### [Task]
Only the pictures are to be left out; return the rest of the data exactly as it stands.

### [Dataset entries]
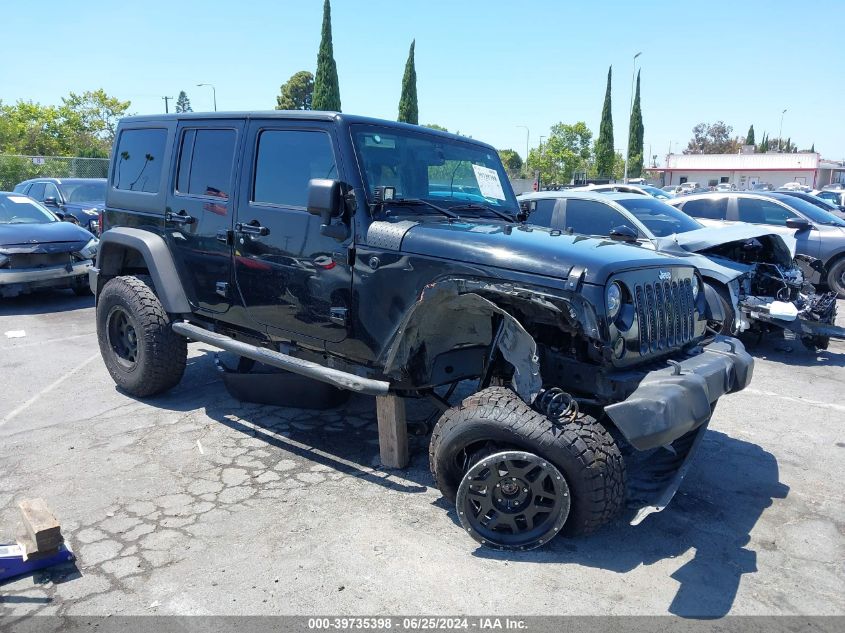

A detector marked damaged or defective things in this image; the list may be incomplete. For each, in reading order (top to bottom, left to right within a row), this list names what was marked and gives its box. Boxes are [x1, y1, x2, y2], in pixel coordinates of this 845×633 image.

crashed vehicle [0, 191, 98, 298]
crashed vehicle [90, 112, 752, 548]
crashed vehicle [516, 191, 844, 350]
cracked pavement [1, 292, 844, 616]
damaged front bumper [604, 338, 756, 524]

### [Solution to the problem]
A detector marked damaged or defective things in this image; the list may be incomplete. For each, in reading order (top to bottom, left to right within a row), this list names what was marked and gives its box. Boxes are [x1, y1, x2, y2], in pixel coordinates of this 845×633 image.

crashed vehicle [0, 191, 98, 298]
crashed vehicle [90, 112, 752, 548]
crashed vehicle [516, 191, 844, 350]
cracked pavement [1, 292, 844, 616]
damaged front bumper [604, 338, 756, 524]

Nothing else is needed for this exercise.